Pelosi: Altered photograph of Congresswomen was 'accurate historical record'
Associated Press | BuzzFeed
House Minority Leader Nancy Pelosi defended her office's use of Photoshop to represent some female lawmakers who arrived late for a photo shoot.
"It was an accurate historical record of who the Democratic women of Congress are," Pelosi told a news conference. "It also is an accurate record that it was freezing cold and our members had been waiting a long time for everyone to arrive and ... had to get back into the building to greet constituents, family members, to get ready to go to the floor. It wasn't like they had the rest of the day to stand there."
In a statement released Saturday, The National Press Photographers Association and the White House News Photographers Association point out that changes were made to the photograph beyond what Pelosi's office originally reported:
A further review of the photo shows that not only were the four missing Congresswomen added but that the image was also manipulated to show other Congresswomen who were blocked in the original photo as well as redoing the hair of another. Rather than being a true and “accurate historical record” as the House Minority Leader stated in her defense of the use of the photo, the hand-out represents an example of the dangers in using a manipulated official photograph, thus undermining the public’s trust in visual images.

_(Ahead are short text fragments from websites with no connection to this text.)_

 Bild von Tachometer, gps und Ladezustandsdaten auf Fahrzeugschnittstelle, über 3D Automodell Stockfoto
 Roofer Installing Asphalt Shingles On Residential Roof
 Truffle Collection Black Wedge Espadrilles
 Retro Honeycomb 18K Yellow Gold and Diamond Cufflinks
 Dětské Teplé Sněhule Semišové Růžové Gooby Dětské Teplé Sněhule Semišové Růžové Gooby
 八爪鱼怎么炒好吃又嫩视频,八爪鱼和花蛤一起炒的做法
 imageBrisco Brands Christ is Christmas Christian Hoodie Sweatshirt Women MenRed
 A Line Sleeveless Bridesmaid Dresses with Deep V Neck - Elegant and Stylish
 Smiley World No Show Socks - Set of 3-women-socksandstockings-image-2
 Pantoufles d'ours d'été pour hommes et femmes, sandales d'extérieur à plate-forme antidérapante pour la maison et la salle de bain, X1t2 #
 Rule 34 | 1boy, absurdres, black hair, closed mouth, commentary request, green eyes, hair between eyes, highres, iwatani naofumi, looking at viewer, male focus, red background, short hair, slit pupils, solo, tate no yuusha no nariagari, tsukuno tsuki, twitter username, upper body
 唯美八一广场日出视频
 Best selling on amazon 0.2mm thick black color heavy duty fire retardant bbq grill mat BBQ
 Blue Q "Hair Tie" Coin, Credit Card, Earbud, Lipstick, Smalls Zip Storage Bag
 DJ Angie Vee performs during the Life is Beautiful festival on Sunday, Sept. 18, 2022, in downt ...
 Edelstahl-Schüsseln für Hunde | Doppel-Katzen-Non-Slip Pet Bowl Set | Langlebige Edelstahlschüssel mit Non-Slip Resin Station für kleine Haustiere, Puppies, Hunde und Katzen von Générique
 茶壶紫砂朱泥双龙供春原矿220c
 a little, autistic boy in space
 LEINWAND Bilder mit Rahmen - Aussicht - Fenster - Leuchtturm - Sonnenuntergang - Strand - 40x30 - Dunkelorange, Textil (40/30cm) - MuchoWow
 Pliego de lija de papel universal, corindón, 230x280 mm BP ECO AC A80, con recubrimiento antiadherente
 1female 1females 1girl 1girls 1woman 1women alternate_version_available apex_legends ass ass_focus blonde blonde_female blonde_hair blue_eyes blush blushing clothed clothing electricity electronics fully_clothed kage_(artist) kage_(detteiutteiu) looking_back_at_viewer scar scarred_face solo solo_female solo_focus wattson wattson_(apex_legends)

Kenny Irby, Poynter's senior faculty for visual journalism, said the fact that the doctored photo was official is "the scary part of this." Such manipulation, he said, is usually the work of an organization trying to make a political point, like the doctored photo that made it look as if John Kerry and Jane Fonda appeared together at a Vietnam protest. Pelosi's use of the photo is "more like Russian propaganda," Irby said.
White House News Photographers Association President Ron Sachs also used the word "propaganda" when describing government handout photos:
"You gotta look at it for what it is," he told Poynter. "Elected officials are using Flickr and other social media sites more often in order to circumvent the watchful eye of the independent news-media, which continues to be a very disturbing trend. Today's 'doctored' photo is not a true representation of the moment that happened yesterday, which brings into question the integrity of photos released by the government. I encourage photo-editors to use the original, open-press photograph rather than the altered one because it reflects the true moment of history that Leader Pelosi was correct in trying to capture."
But photo editors looking out for fakes are harder to come by, Irby said. "I think many citizens would be surprised to find there are far fewer people in that role at mainstream media organizations," he said. Few of those organizations would run a handout photo, especially when there's an wire photo available, he said, but smaller news organizations might not know what to look for.
"The issue of the use of government hand out photos is something that the National Press Photographers Association (NPPA) and other groups has been concerned with for sometime," National Press Photographers Association general counsel Mickey H. Osterreicher said via email. "Those dangers are further exacerbated at a time when news organizations are cutting staff and relying more on unvetted user generated content while the government and other organizations are seeking to exercise more control over access and their images."
Sachs praised White House photographer Pete Souza's work but said he often wished that some of the moments the White House makes available only to official photographs would be open to a pool. A pool might have captured a more nuanced photo during Mitt Romney's post-election visit to the White House, for example, he said.
Pelosi's office is merely the latest in a grand tradition of government bodies altering photographs: The Associated Press suspended pickup art from the U.S. Department of Defense in 2008 after it learned a photo of a Gen. Ann Dunwoody had been altered. More disturbingly, the royal family of Spain once altered a Christmas card to make it look like more members were present for a shoot. (Thanks to Albert Cuesta for pointing that out!)